結論 原査定を取り消す。 本願の意匠は、登録すべきものとする。
理由 第1 手続の経緯
本願は、平成29年5月15日付けの意匠登録出願であって、平成29年9月8日付けの拒絶理由の通知に対し、平成29年10月20日に意見書が提出されたが、平成29年12月15日付けで拒絶査定がなされ、これに対して、平成30年3月19日に拒絶査定不服審判の請求がなされたものである。

第2 本願意匠
本願意匠は、意匠に係る物品を「自転車用フレーム」とし、その形状、模様若しくは色彩又はこれらの結合(以下「形状、模様若しくは色彩又はこれらの結合」を「形態」という。

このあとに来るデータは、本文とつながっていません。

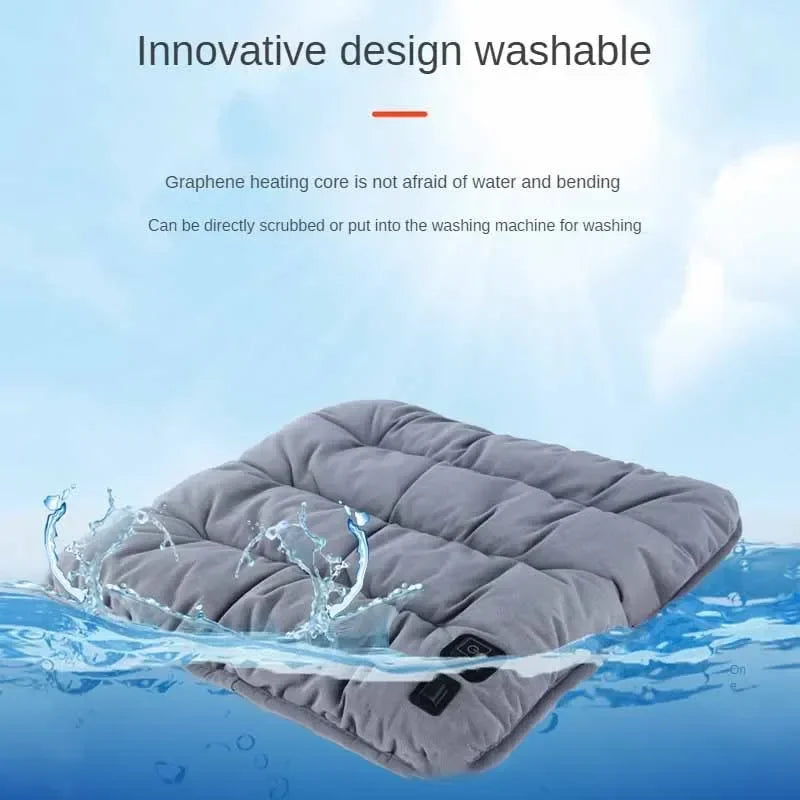 Electric Cushion Heating Pad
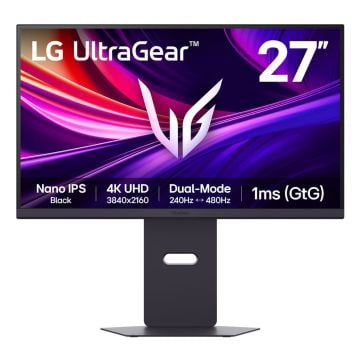 LG UltraGear 27G850A-B - Gaming Monitor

)を、願書の記載及び願書に添付した図面に記載されたとおりとしたものである(別紙第1参照)。

第3 原査定の拒絶の理由及び引用意匠
原査定の拒絶の理由は、本願意匠は、その出願前に日本国内又は外国において頒布された刊行物に記載された意匠又は電気通信回線を通じて公衆に利用可能となった意匠(以下「引用意匠」という。)に類似するものであるから、意匠法第3条第1項第3号に規定する意匠(先行の公知意匠に類似するため、意匠登録を受けることのできない意匠)に該当する、というものである。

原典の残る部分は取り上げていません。